§ Record set:
┏━━
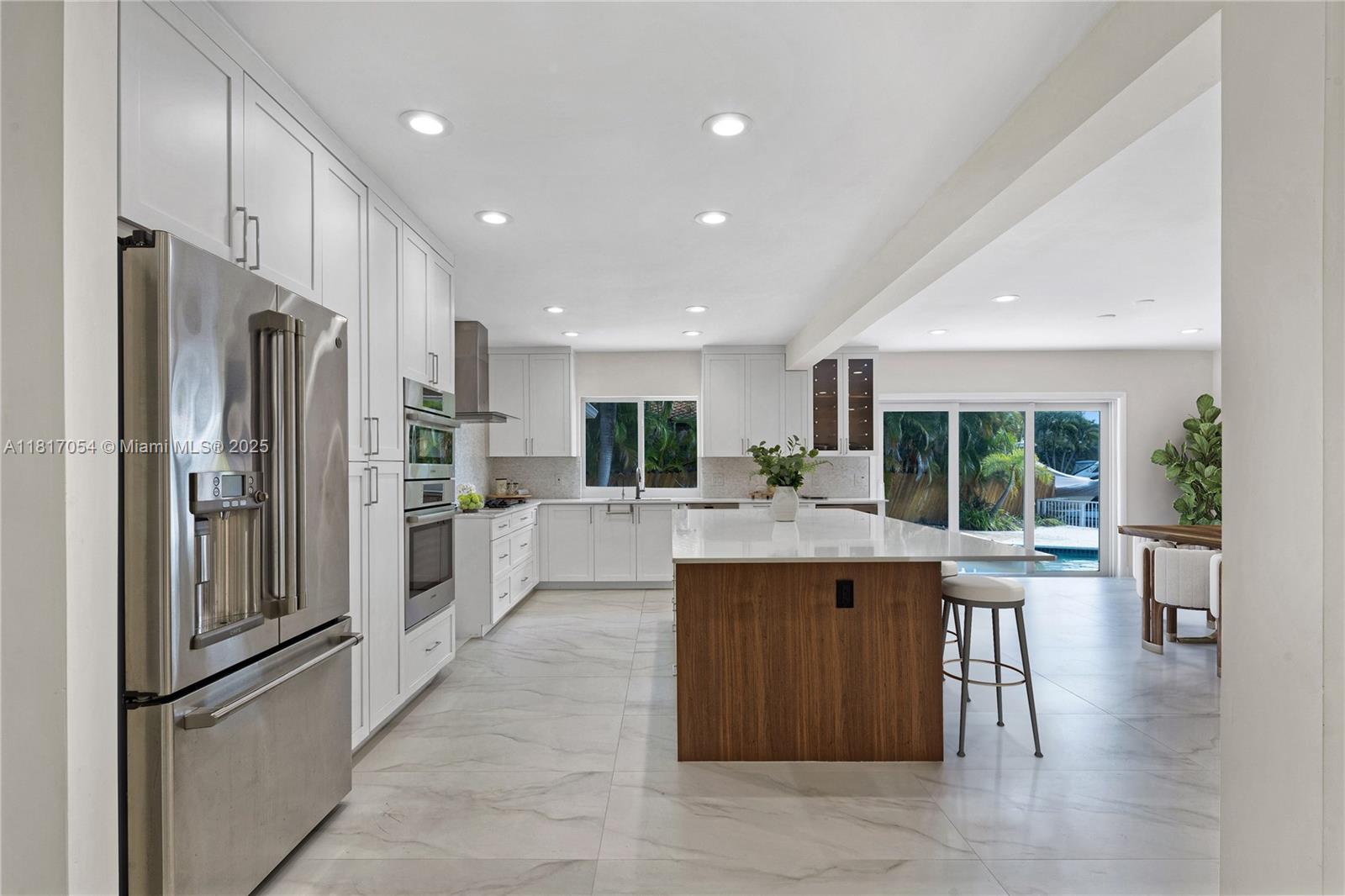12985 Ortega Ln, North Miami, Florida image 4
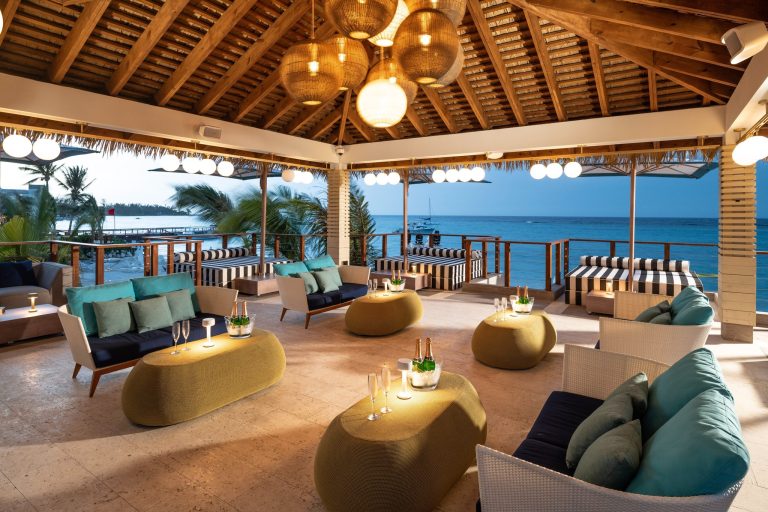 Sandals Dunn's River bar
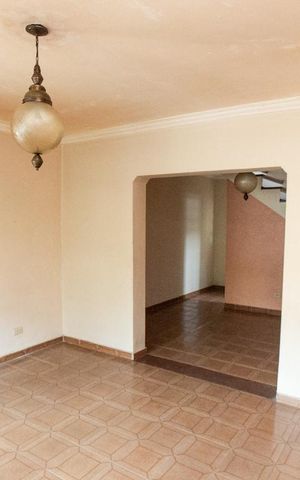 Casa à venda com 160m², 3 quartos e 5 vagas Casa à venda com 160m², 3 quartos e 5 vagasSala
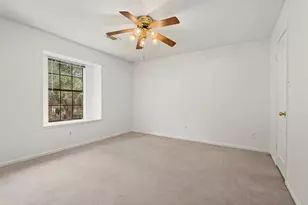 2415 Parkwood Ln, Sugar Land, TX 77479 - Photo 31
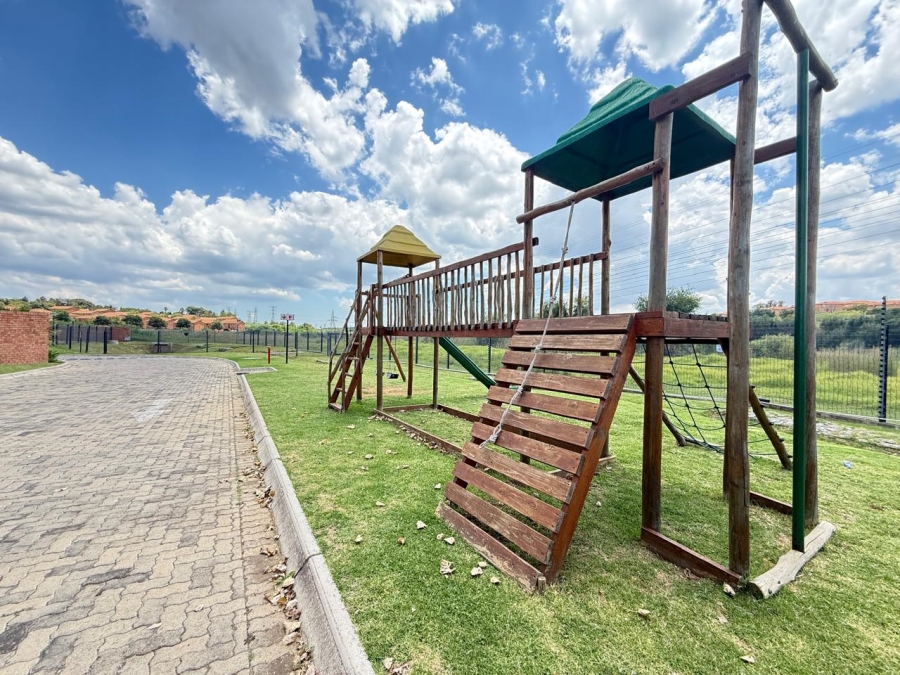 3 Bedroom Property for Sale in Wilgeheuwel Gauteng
┗━━
┏━━
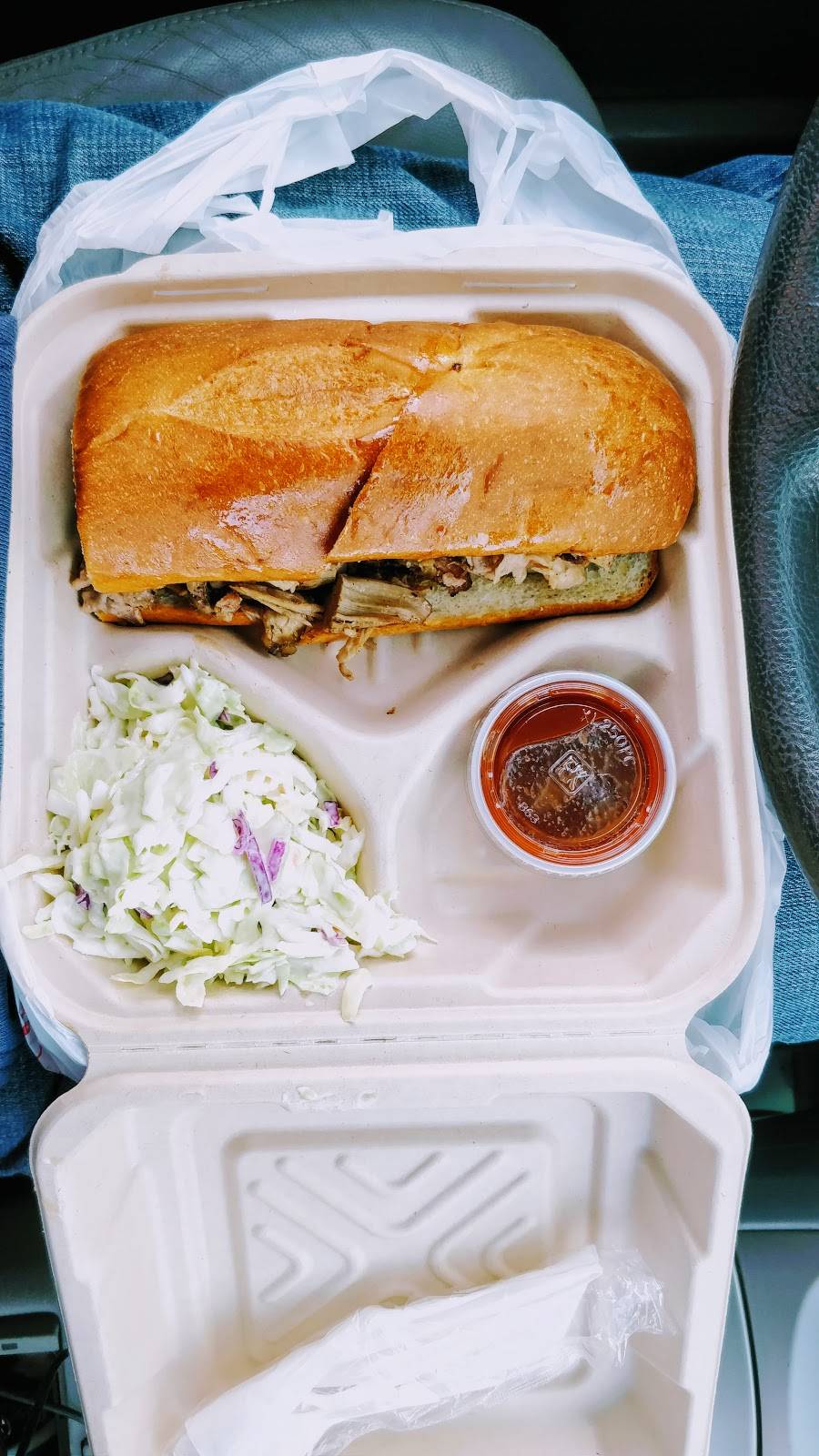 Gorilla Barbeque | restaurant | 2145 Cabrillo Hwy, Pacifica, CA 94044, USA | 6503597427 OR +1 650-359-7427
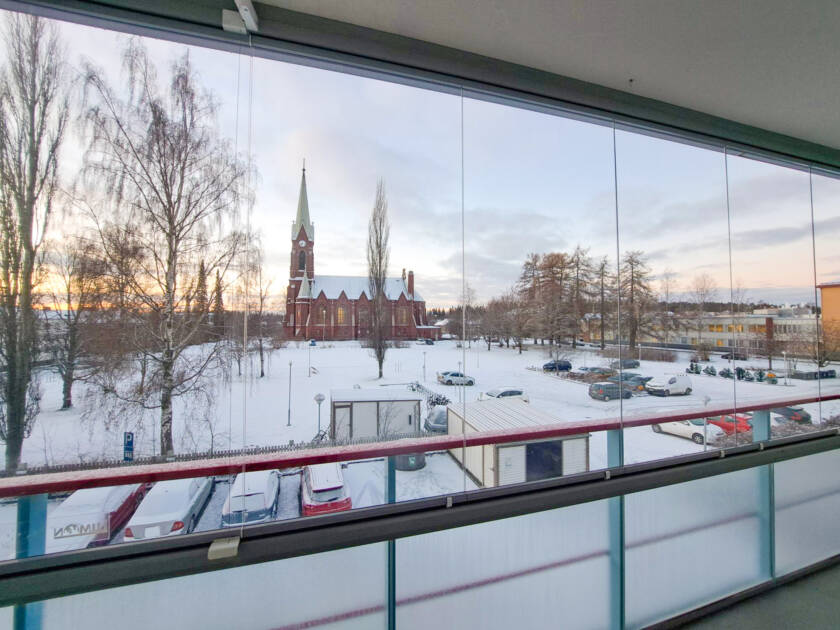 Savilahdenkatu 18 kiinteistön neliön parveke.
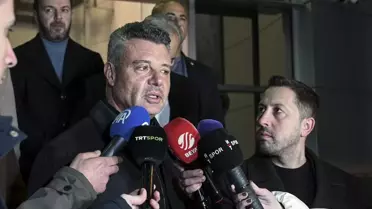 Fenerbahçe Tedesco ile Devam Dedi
┗━━
┏━━
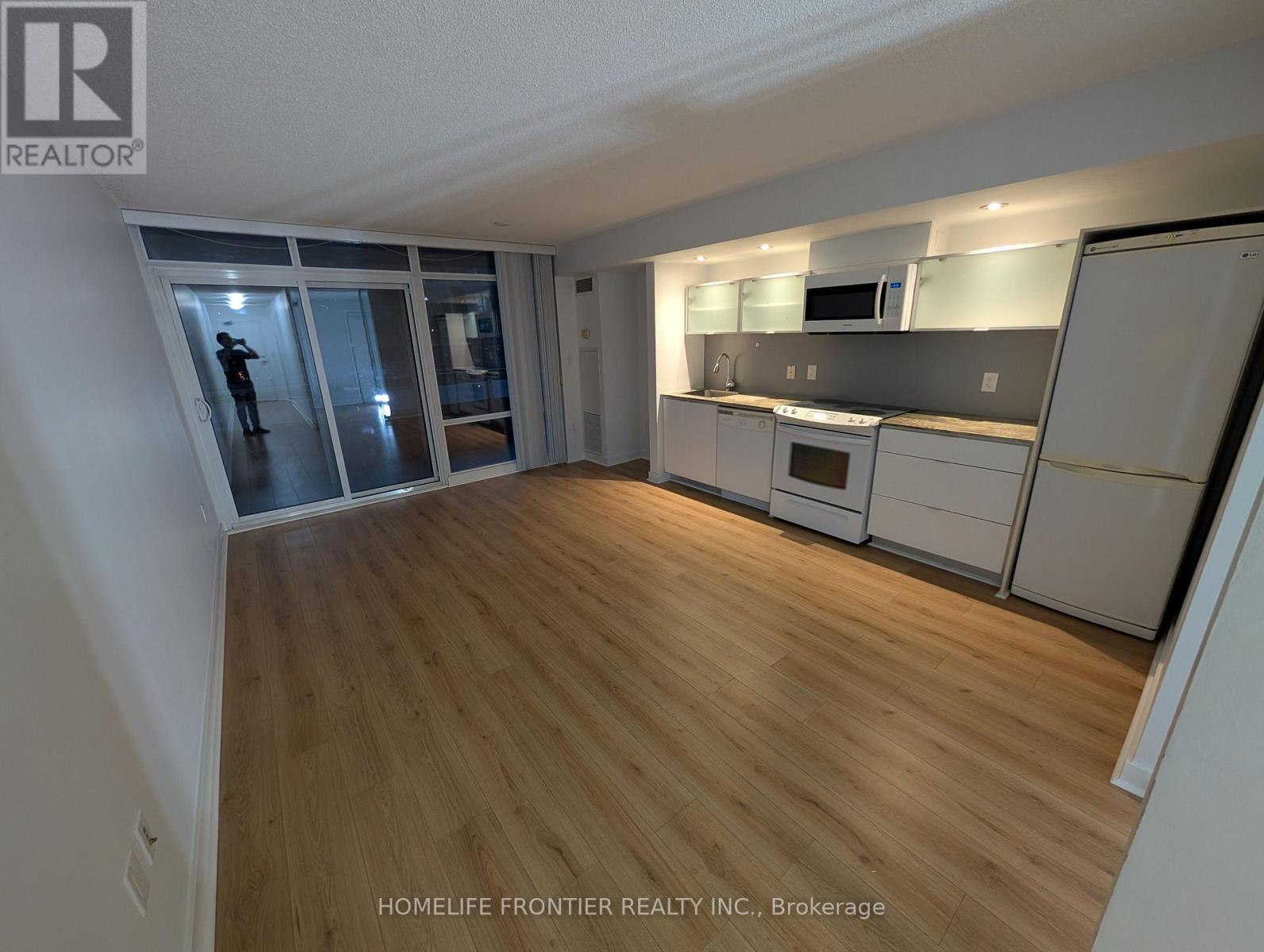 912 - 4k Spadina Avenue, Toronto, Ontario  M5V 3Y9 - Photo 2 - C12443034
┗━━
§ Problem description:
The copy should hold exactly the lines above from the one with "Casa à venda com 160m², 3 quartos e 5 vagas Casa" through the one with "3 Bedroom Property", both ends counted, and no pictures at all.

§ Output below:
 Casa à venda com 160m², 3 quartos e 5 vagas Casa à venda com 160m², 3 quartos e 5 vagasSala
 2415 Parkwood Ln, Sugar Land, TX 77479 - Photo 31
 3 Bedroom Property for Sale in Wilgeheuwel Gauteng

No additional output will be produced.